そこは紛れもなく、コフィンホーネットのコックピット。彼は何者かによって創生された悪夢から、現実へと帰還したのだった。
それでも未だ脳は混乱している。視界はボヤけ、思考停止に陥りそうになっていた。しかしパイロットの性だろう、無意識に高度を確認する。
幸い自動操縦でないにも関わらず、高度は十分すぎるほど確保されていた。地面とディープキスすることはまずない。
「まだ生きている。戻って……来れたのか? クソ、まだ意識がハッキリしない」
深呼吸で脳に酸素を送りつつ、顔を横に振る。そして荒ぶる意識を鮮明にさせ、メンタルをリセットした。
「やってくれたな。モニカとあの糞ガキめ。よくも人様の脳味噌ほじくり回しやがって」
そんな恨み言をまくし立てながら、戦況を確認するため、高感度センサーで外界を目にしようとする。

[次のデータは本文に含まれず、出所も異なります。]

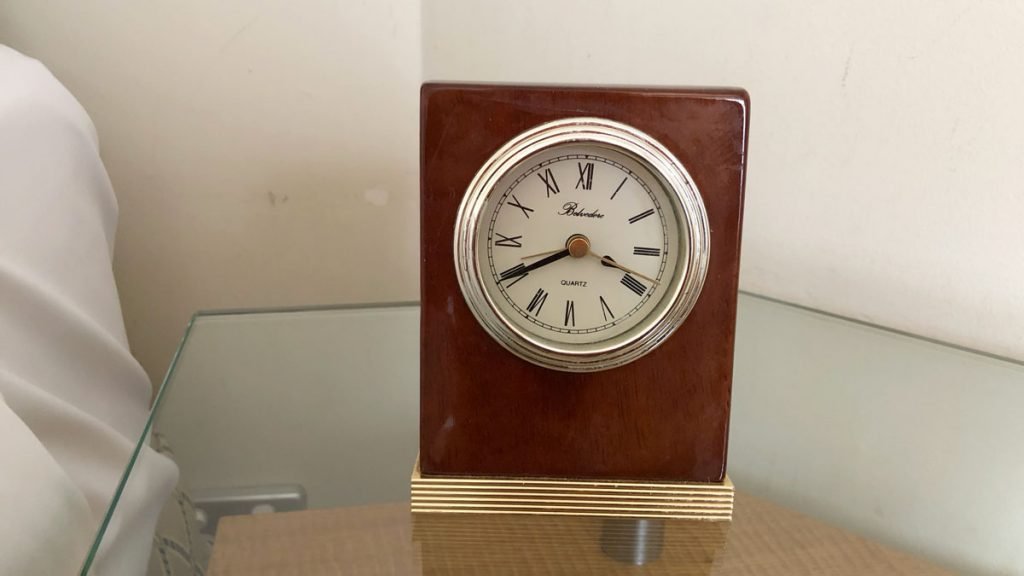 a clock on a table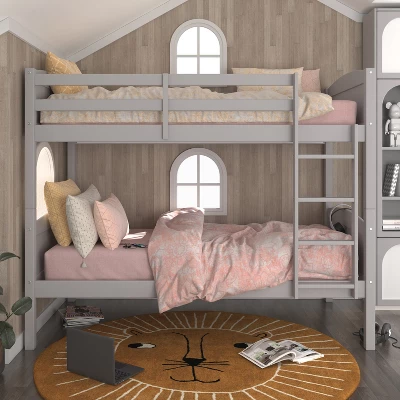 Twin Over Twin Alexis Wood Arch Bunk Bed - Hillsdale Furniture 3 Twin Over Twin Alexis Wood Arch Bunk Bed - Hillsdale Furniture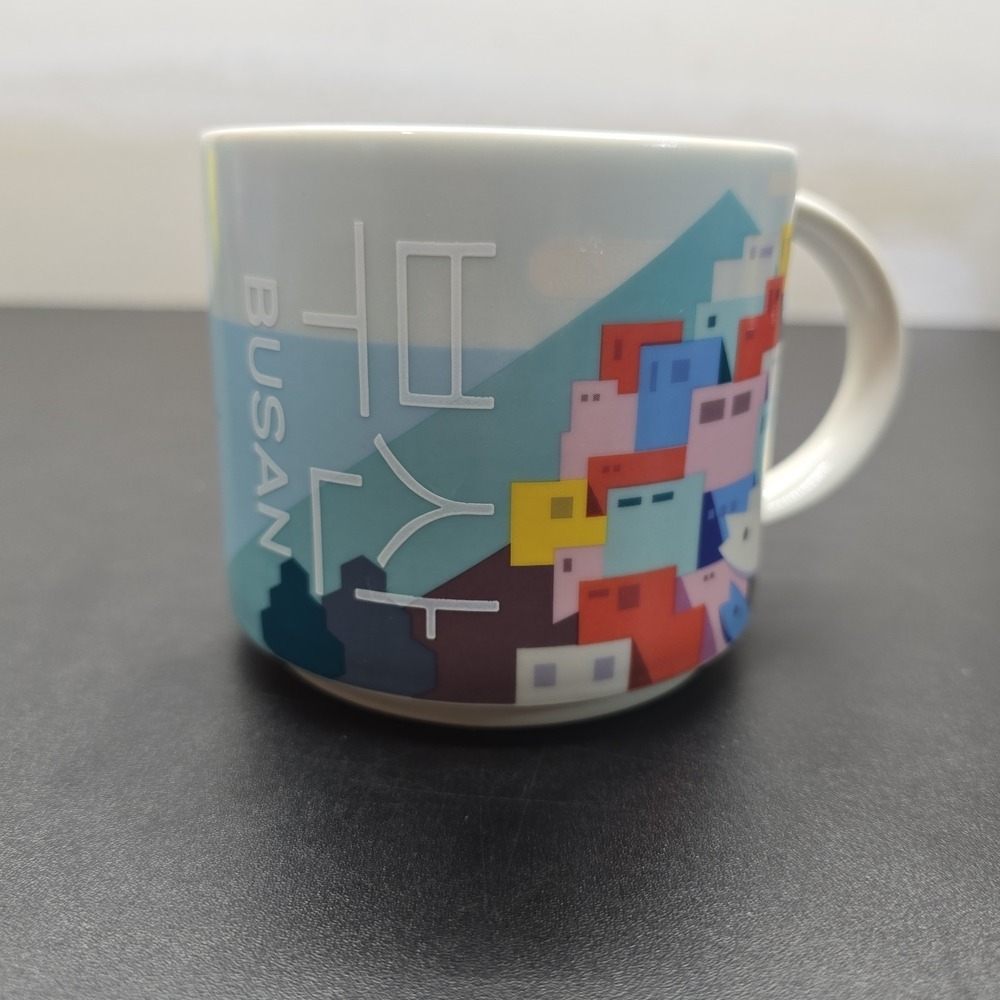 Starbucks 2016 Busan South Korea City Mountains Ceramic Coffee Mug Cup 14 oz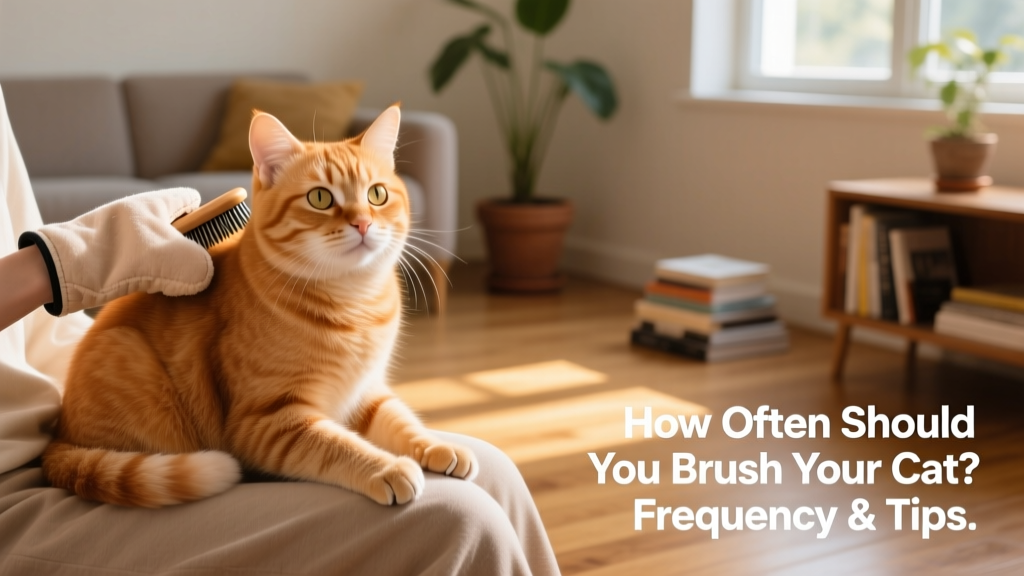 A relaxed ginger cat sitting on a lap, being brushed with a soft mitt while looking content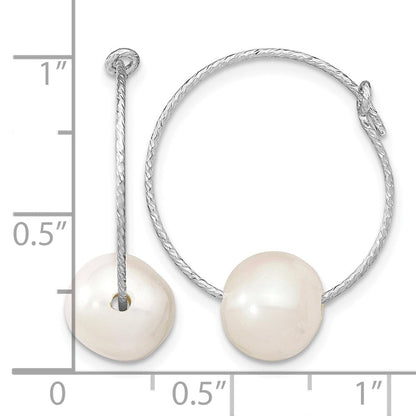 Sterlingsilber Rhodiniert 8-9mm Rund Fwc Perle Creolen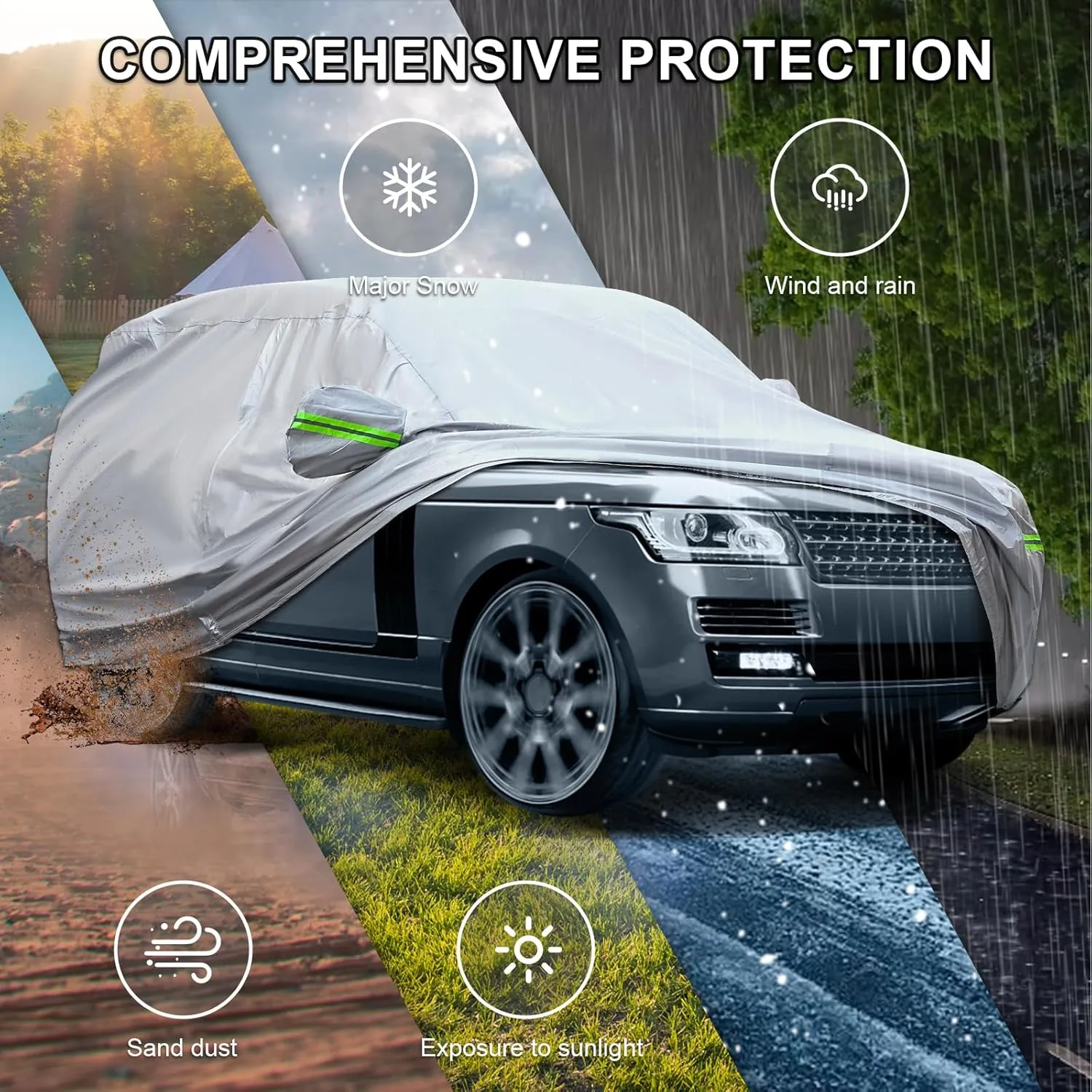 Full Car Cover Universal 6 Layers Outdoor Thicked All Weather Cover, Sunshield, Waterproof, Snow Proof, UV Proof, Scratch Proof, Bird Droppings, 6 Reflective Strips, Fits Sedans up 188"-198"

その時だ。背後――いや、機体の真上に、ただならぬ殺気を感じる。
機体越しでも感じるほどの、異様なる感覚を。
そして、センサーがそれを捉える。
美しく、神々しい結晶のボディを持つ敵――翡翠の侵略者だ。しかも手を伸ばせば届くほどの距離で、コフィンホーネットの頭上を飛行していたのだ。